Friday, October 31, 2008

In defense of ignorance

Tom Fleming at Chronicles:
Dan Larison on his Eunomia blog now on AmCon has drawn attention to our old friend Stacy McCain’s defense of ignorance. Palin and her supporters are virtuous, he is arguing, precisely because what they don’t know won’t hurt them. I fear, however, that it will hurt us. This is worth an entire issue of the magazine. Since Socrates (at least) we have understood that to pilot the ship of state requires skill, not just a good heart, especially when that ship is no longer a simple republican skiff but a nuclear powered submarine armed with missiles carrying nuclear warheads.

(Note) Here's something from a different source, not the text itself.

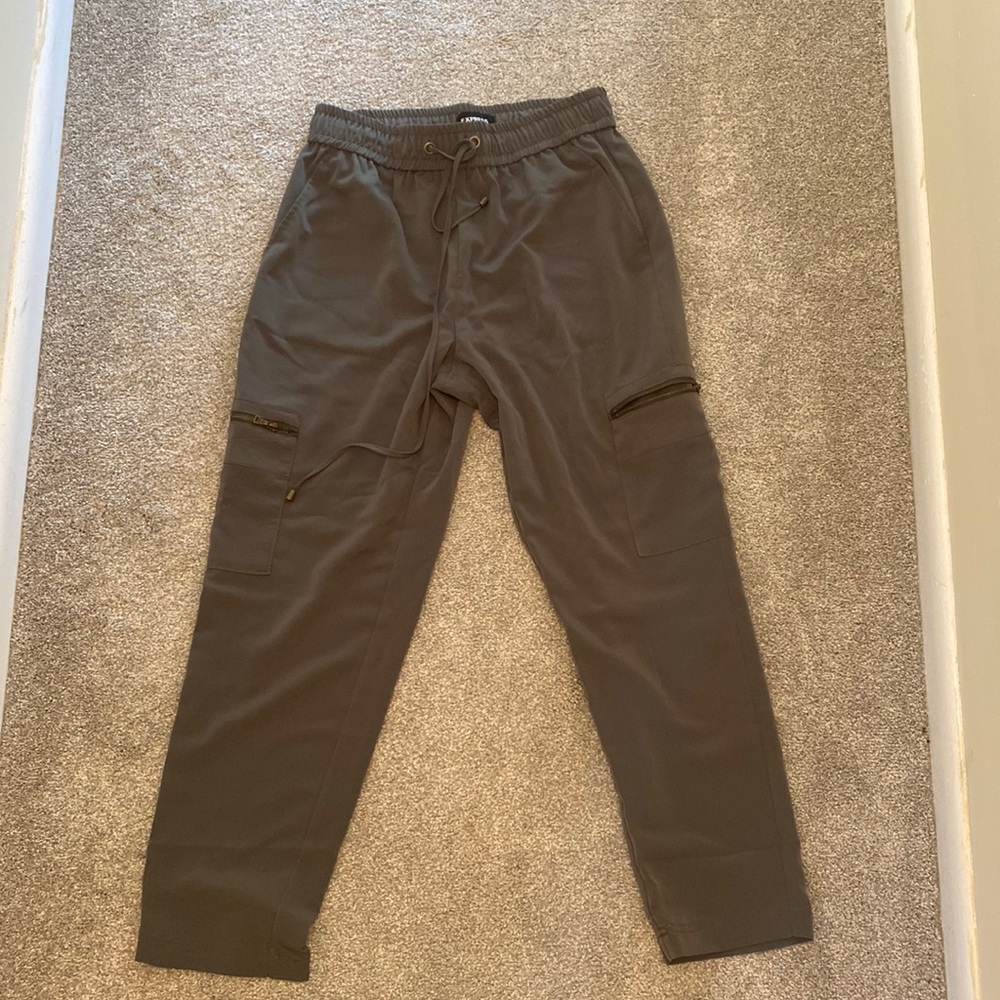 Express pants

Besides, it is easier to make a judgment of someone’s experience and competence than of the soundness of his heart.
The joy of limited government is that the ordinary citizen should be able to ignore politics, and most Americans do so. They are, therefore, generally ignorant of politics -- and certainly they are ignorant of the internecine disputes among conservatives. The average Republican voter in Pennsylvania sees Sean Hannity on TV and likes him. The same voter sees Pat Buchanan on TV and likes him, too. To this average voter, Hannity and Buchanan are both conservatives, allies against liberal Democrats, even though Buchanan and Hannity have very different philosophies and policy ideas.

Sarah Palin is the governor of Alaska, a very popular and for all I know a very good governor. She apparently focused her attention on the job she was doing and, prior to being chosen as McCain's running mate, had paid little attention to the national and international issues that the presidential campaigns were talking about. Very good, I say -- I wouldn't want my governor to be obsessed with presidential politics, but rather to concentrate on doing his job as governor.

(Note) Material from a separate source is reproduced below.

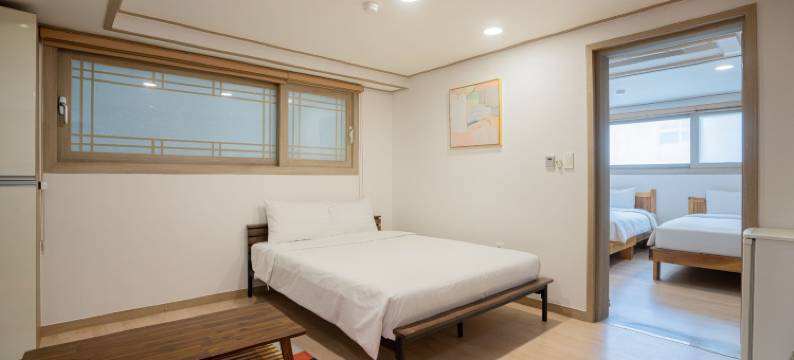 J2家庭酒店(J2 Family Hotel)图片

Palin's honest ignorance of presidential-level issues was held up as evidence that she is, or was, unprepared for the vice-presidency -- as if years of studying such issues were in itself qualification for the office. Evidence contradicts this idea.

Sarah Palin is extraordinarily shrewd and is a natural as a politician. She figured out early on that some people on the McCain campaign are profoundly incompetent (hello, Tucker Bounds) and that other people on the McCain campaign are selfish and arrogant beyond words (you know who you are, sweetheart).

Sarah's shortcomings on Aug. 29 have been rapidly remedied, and by 2011 could be remedied entirely. Considering that she is the strongest, most viable alternative to Jeb Bush, I would suggest that some of her conservative critics should try to befriend her, and not merely join the sneering  snobs.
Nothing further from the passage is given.